TASK DATA =>
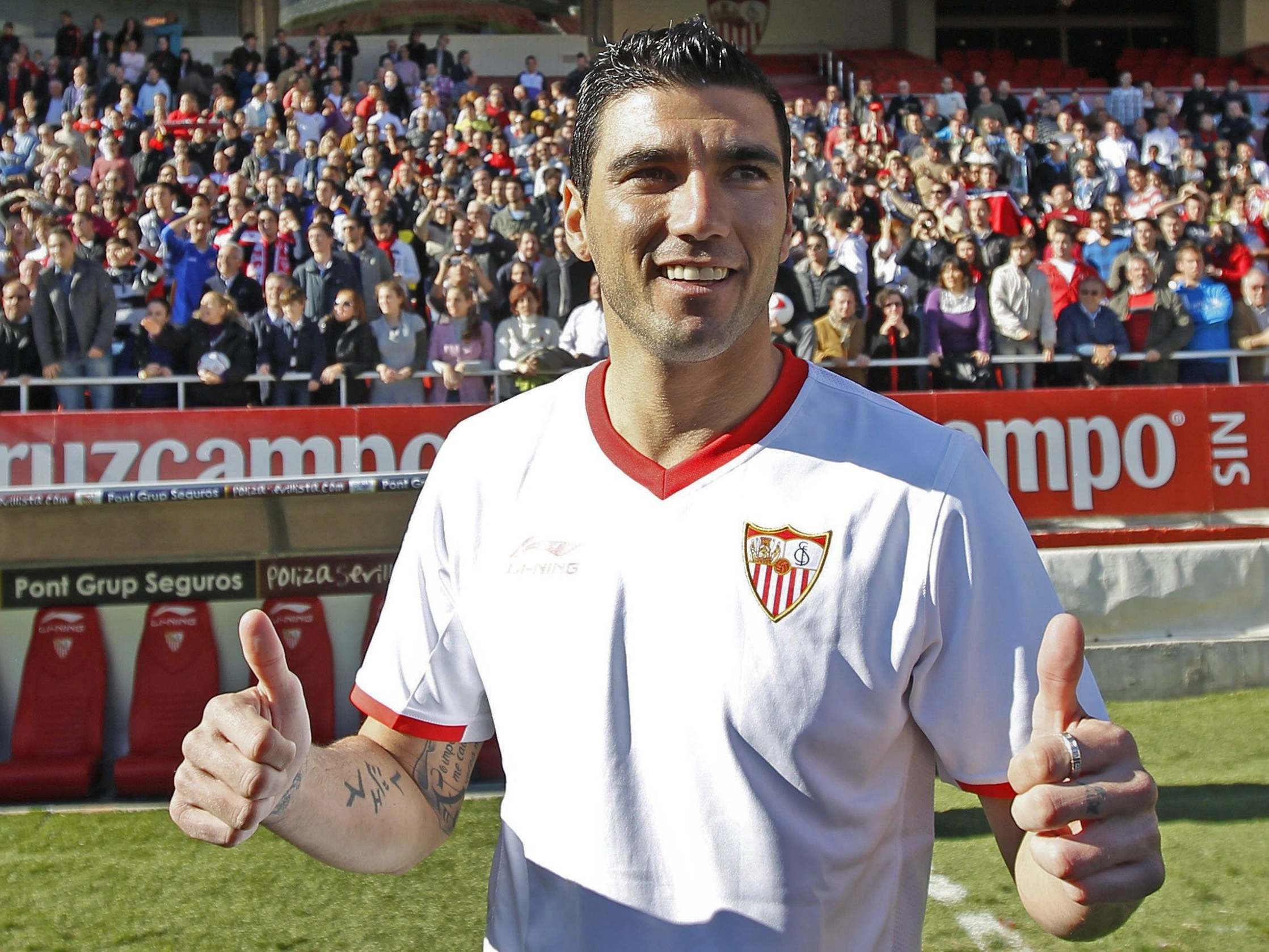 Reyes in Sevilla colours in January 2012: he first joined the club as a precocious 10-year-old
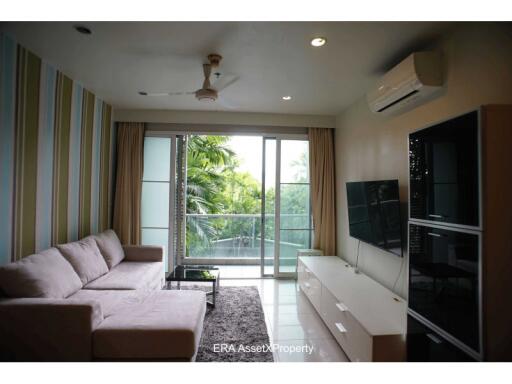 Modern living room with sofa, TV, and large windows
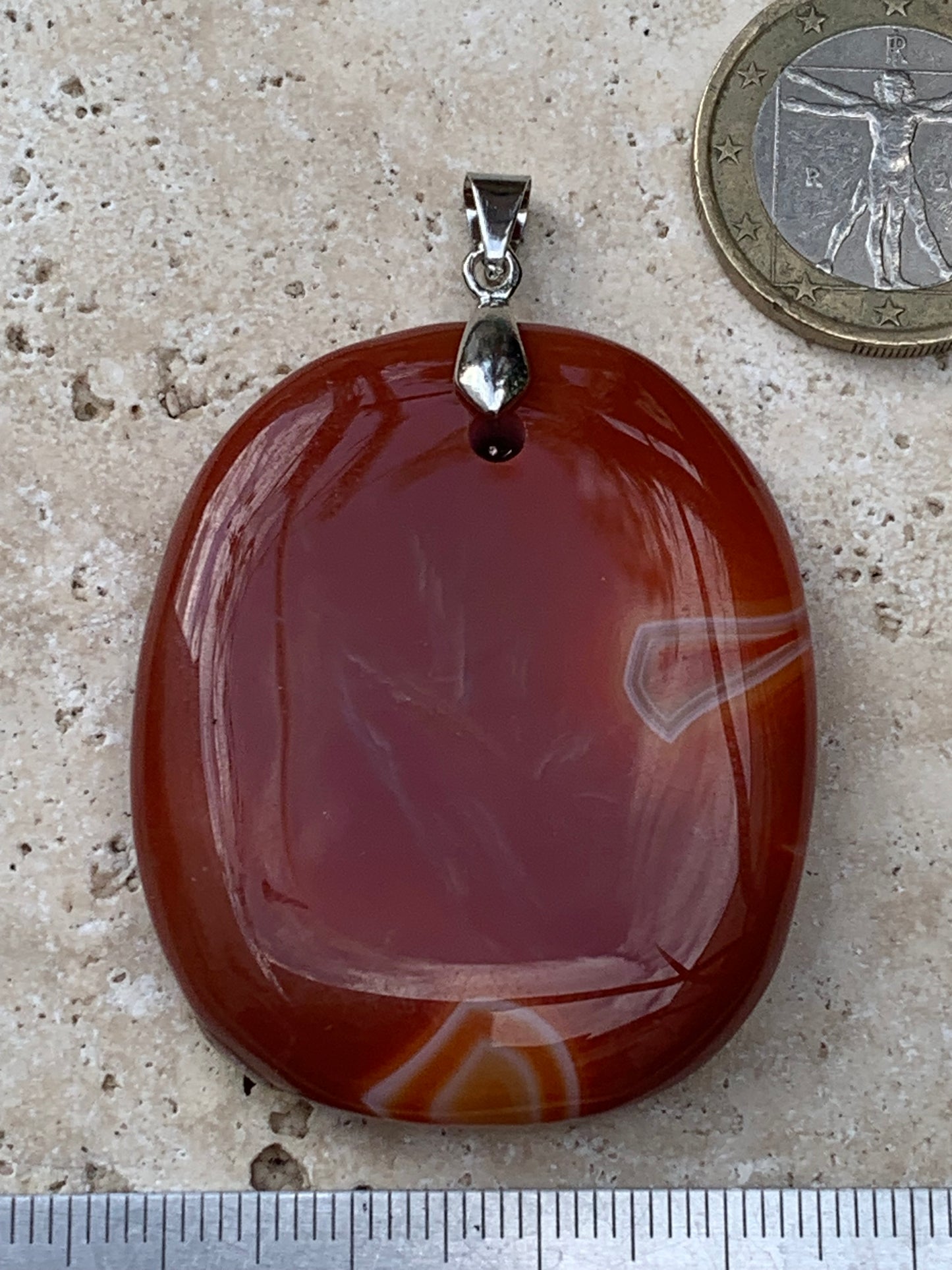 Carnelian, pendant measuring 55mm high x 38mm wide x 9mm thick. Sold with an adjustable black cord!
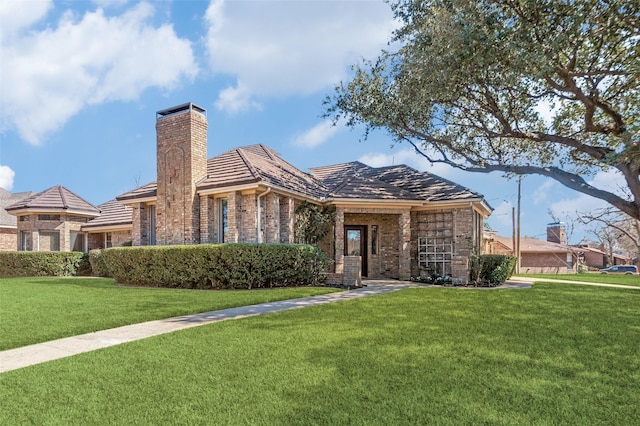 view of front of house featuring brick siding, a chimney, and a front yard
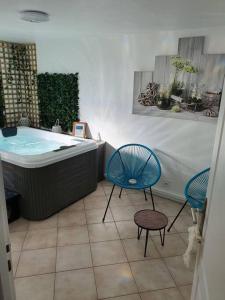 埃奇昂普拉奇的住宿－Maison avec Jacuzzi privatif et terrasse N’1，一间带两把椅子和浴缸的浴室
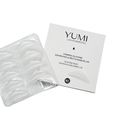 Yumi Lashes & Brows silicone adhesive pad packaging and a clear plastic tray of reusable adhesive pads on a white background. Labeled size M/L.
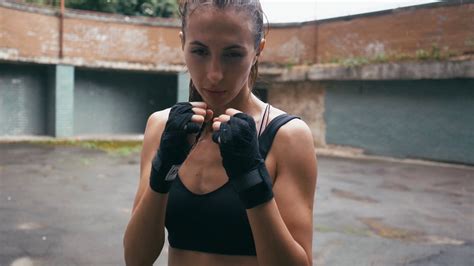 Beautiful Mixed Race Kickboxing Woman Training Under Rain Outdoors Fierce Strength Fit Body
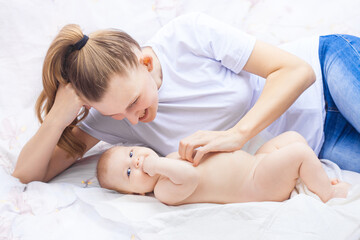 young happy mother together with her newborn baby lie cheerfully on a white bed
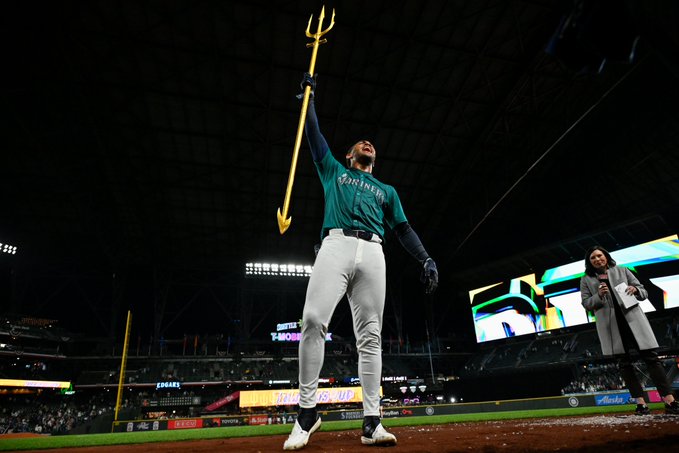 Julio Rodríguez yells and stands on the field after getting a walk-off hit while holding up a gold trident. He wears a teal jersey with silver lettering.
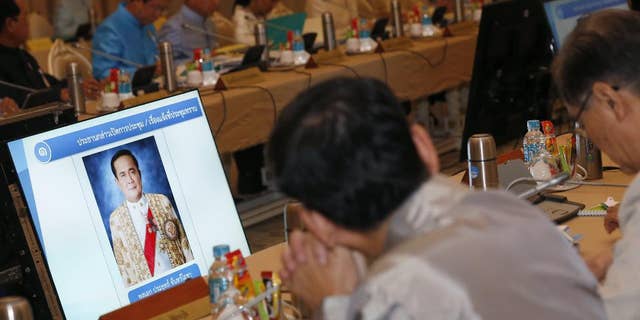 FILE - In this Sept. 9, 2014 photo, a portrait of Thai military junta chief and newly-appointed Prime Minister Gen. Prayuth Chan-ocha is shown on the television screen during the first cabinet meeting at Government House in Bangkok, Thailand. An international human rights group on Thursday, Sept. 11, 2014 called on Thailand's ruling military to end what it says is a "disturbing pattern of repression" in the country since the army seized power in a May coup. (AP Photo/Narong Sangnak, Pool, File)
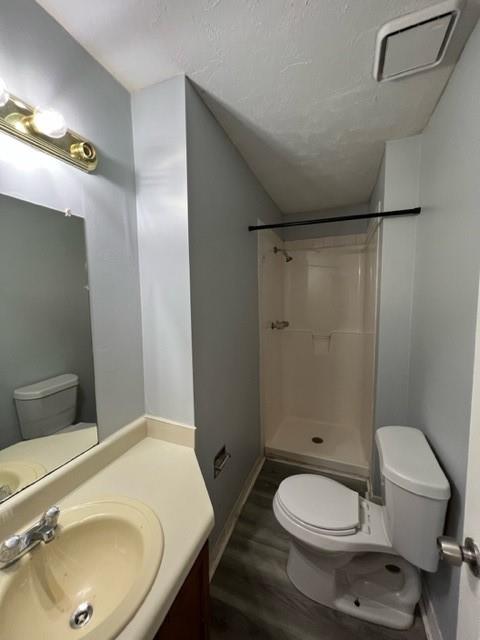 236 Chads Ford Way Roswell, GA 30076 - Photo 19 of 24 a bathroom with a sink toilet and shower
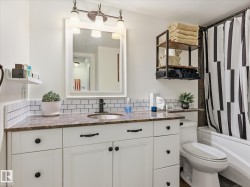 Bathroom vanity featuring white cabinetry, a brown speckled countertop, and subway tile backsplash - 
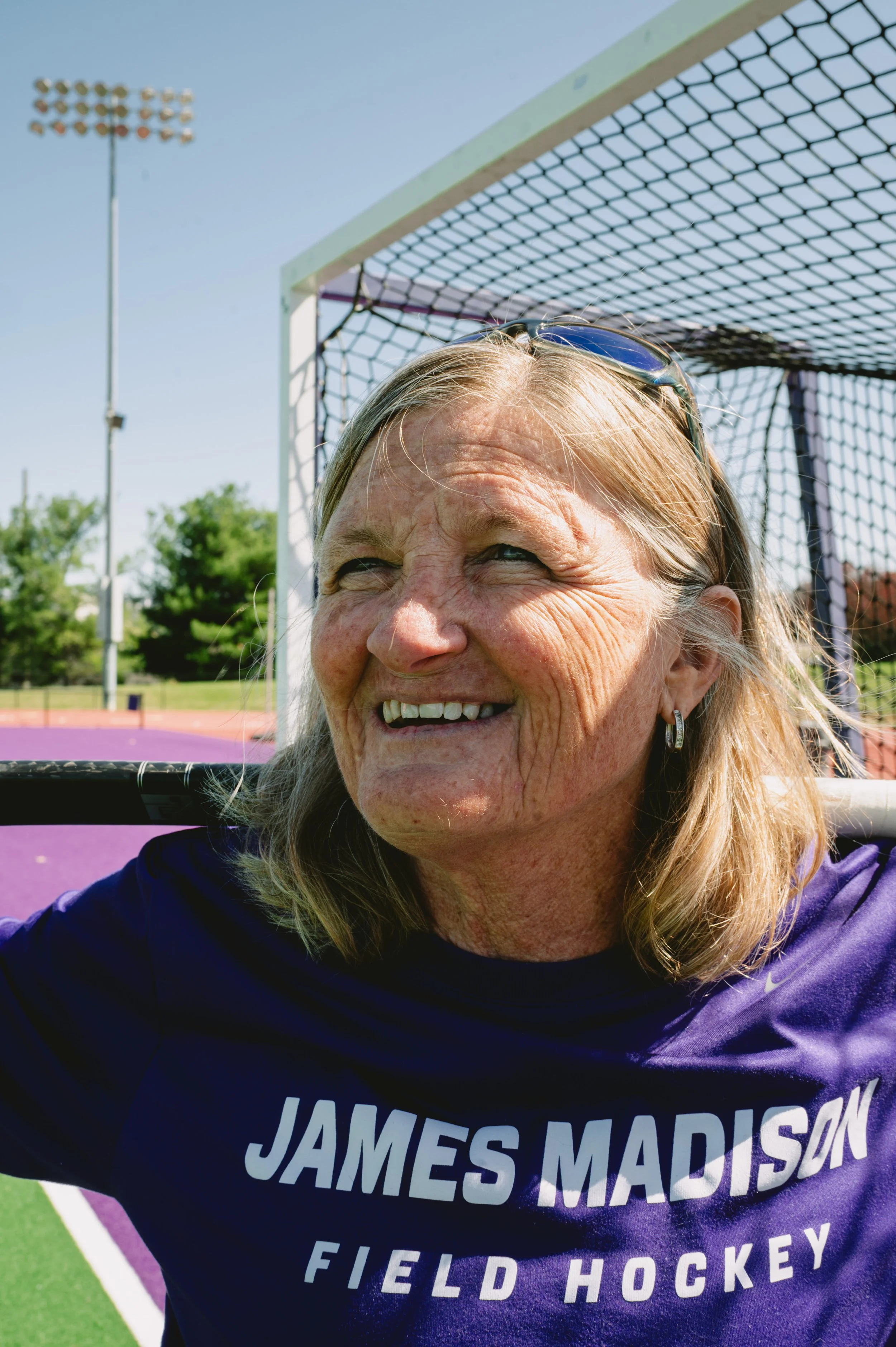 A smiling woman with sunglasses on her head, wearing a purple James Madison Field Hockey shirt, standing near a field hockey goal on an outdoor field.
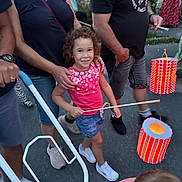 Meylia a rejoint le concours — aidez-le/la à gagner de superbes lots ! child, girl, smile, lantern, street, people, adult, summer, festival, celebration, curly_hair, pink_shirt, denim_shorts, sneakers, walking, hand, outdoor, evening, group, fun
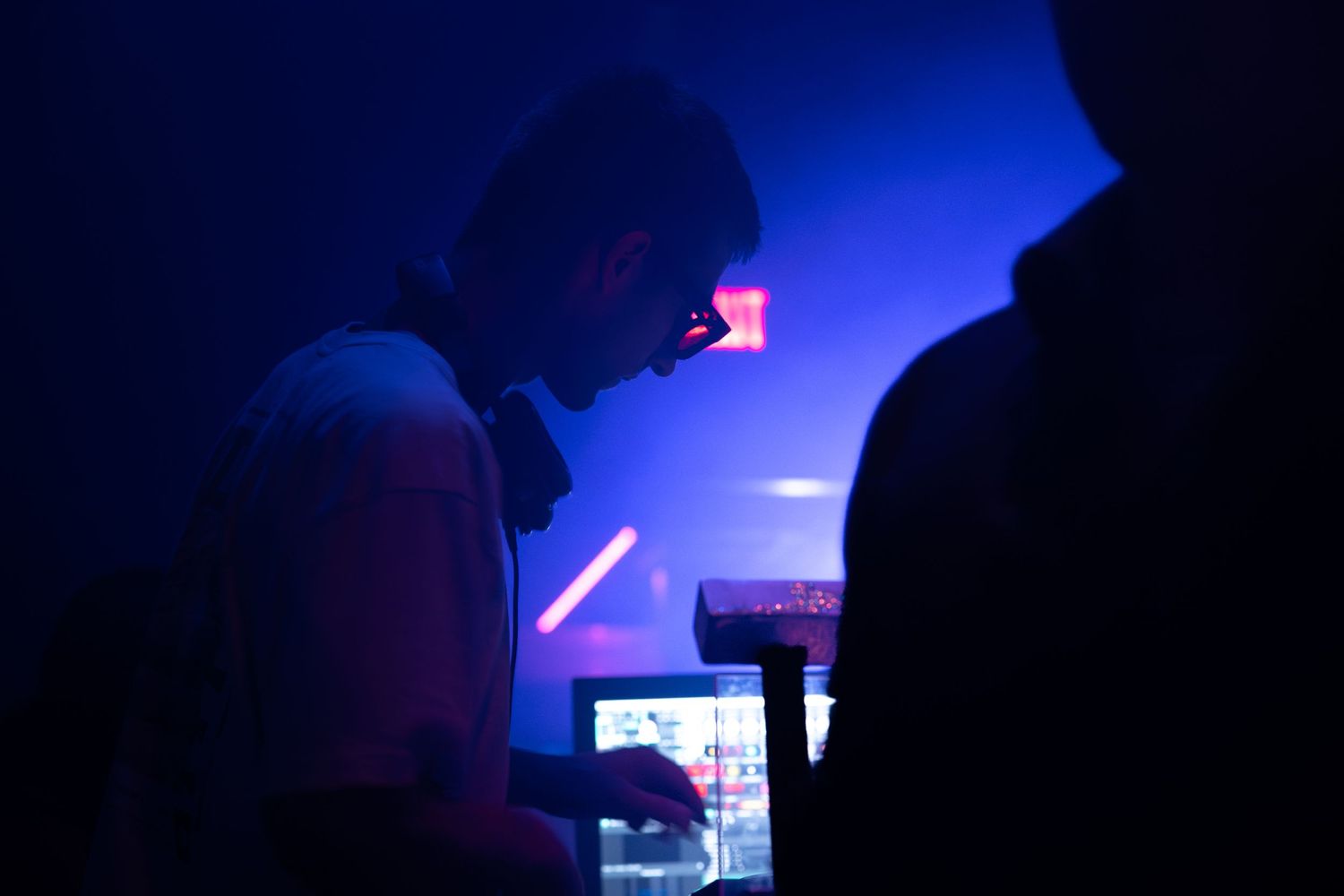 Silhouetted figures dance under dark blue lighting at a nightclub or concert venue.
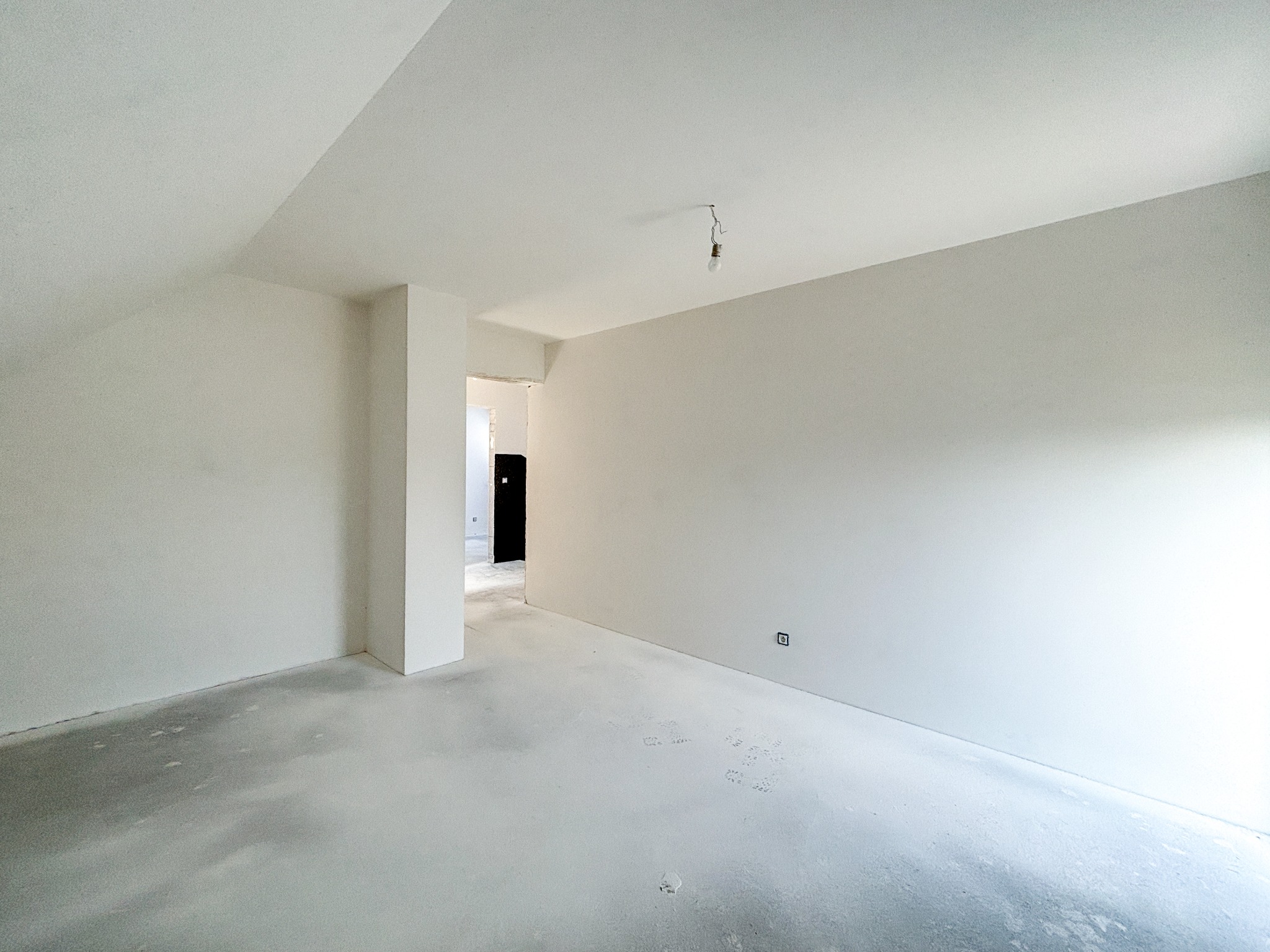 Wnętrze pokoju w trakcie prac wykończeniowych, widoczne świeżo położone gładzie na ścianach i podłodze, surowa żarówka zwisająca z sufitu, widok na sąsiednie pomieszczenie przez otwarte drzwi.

REQUIRED WORK =>
All that is wanted is the run of lines from the start of the material through the line that holds "Beautiful Mixed Race", retyped exactly, with no pictures.

RESPONSE BOX =>
 Reyes in Sevilla colours in January 2012: he first joined the club as a precocious 10-year-old
 Modern living room with sofa, TV, and large windows
 Carnelian, pendant measuring 55mm high x 38mm wide x 9mm thick. Sold with an adjustable black cord!
 view of front of house featuring brick siding, a chimney, and a front yard
 埃奇昂普拉奇的住宿－Maison avec Jacuzzi privatif et terrasse N’1，一间带两把椅子和浴缸的浴室
 Yumi Lashes & Brows silicone adhesive pad packaging and a clear plastic tray of reusable adhesive pads on a white background. Labeled size M/L.
 Beautiful Mixed Race Kickboxing Woman Training Under Rain Outdoors Fierce Strength Fit Body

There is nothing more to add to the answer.